Pendant la nuit, un souffle de printemps a rendu les trottoirs praticables. J’ai été à la banque pour parler de planification de ma retraite. Un jour viendra vite où je vivrai de ce que j’aurai été capable de me laisser. Le banquier était aimable. Il m’a raconté que ses amis revenaient de Thaïlande. Tout le monde doit avoir de l’argent autour de ce banquier. Pour le voir comme mon ami, je l’imaginais habillé en Nike plutôt qu’en complet. Il m’a donné un guide d’investissement personnalisé.
En sortant de la banque, j’ai  mangé le gâteau magique et j’ai mis mes souliers de course. J’avais du sucre et du gras pour me propulser. J’ai pris par la rue Notre Dame le chemin des îles enchantées du parc Jean-Drapeau. Cet été je m’étendais là bas sous la voûte des arbres en me promettant de revenir voir à l’automne ou à l’hiver.
Alors que je longeais l’usine Molson, le gâteau magique a commencé à faire
parler des voix dans ma tête. Elles me disaient que j’étais cocu et délaissé. Elles m’annonçaient que je serais vieux et pauvre. J’ai croisé des gars qui courraient plus vite que moi sur le pont de la Concorde. Le vent les poussait.
J’ai arrêté de courir dans le terrain des floralies. Mon touch down était trop brusque. Les muscles de mes jambes ont eu un spasme. J’étais étourdi.  J’aurais dû mieux m’étirer avant de partir.
Je voulais prendre des photos de la nature. Les sentiers étaient perdus sous la neige fondante. Cet été, je faisais plusieurs tours du bassin olympique. Je courrais le gilet sur la tête pour me protéger du soleil jusqu’à ce que je sois détrempé de sueur. Je me plongeais ensuite dans le bassin froid et je sentais le marécage en sortant.
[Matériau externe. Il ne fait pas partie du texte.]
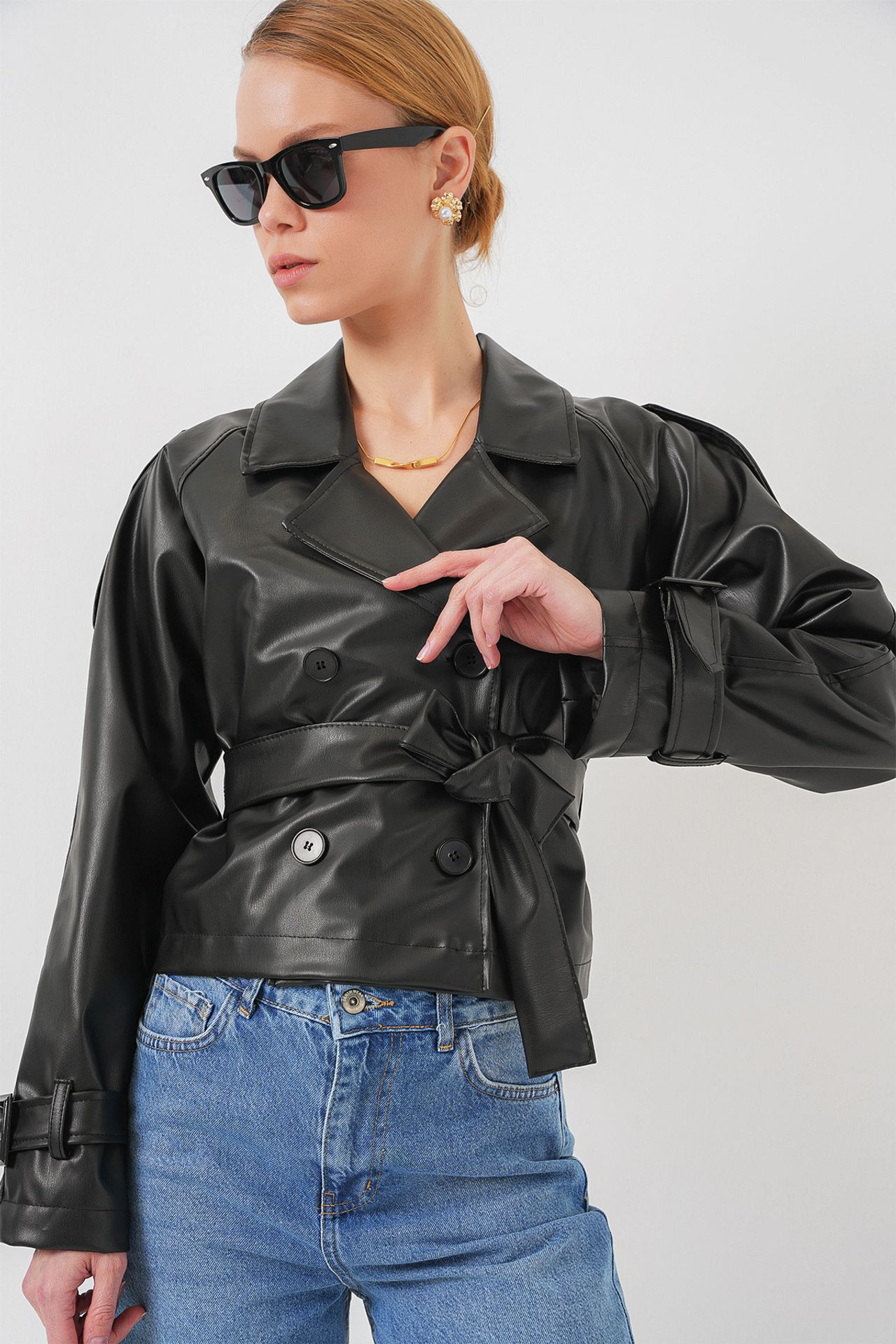 BDART Fitted Crop Faux Leather Bomber Jacket with Bow 3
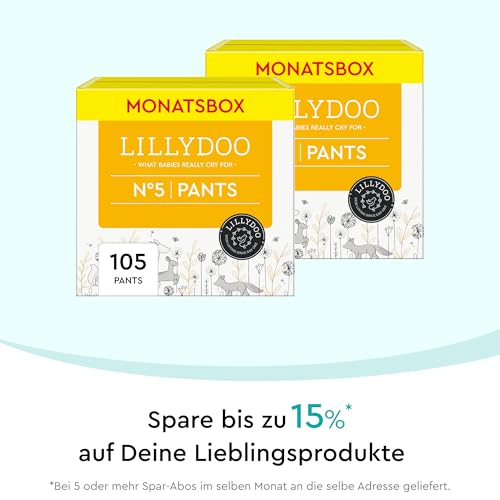 LILLYDOO hautfreundliche Pants, Größe 5 (12-17 kg), Monatsbox (105 Stück)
J’ai tourné du mauvais côté en cherchant le métro. Il a fallu que je revienne à pieds. Il ventait encore contre moi. J’ai gardé mes
mains nues pour faire des photos. La lumière déclinait. Les voix dans ma tête chantaient la chanson de la solitude. Elles m’ordonnaient de détacher tous les liens pour prévenir tous les deuils. Vers le milieu du pont, un gros rayon printanier a transpercé les nuages.
Je suis atterri au Yermad. Les barmans m’ont donné de l’alcool et de la chaleur. Je suis resté longtemps avec eux.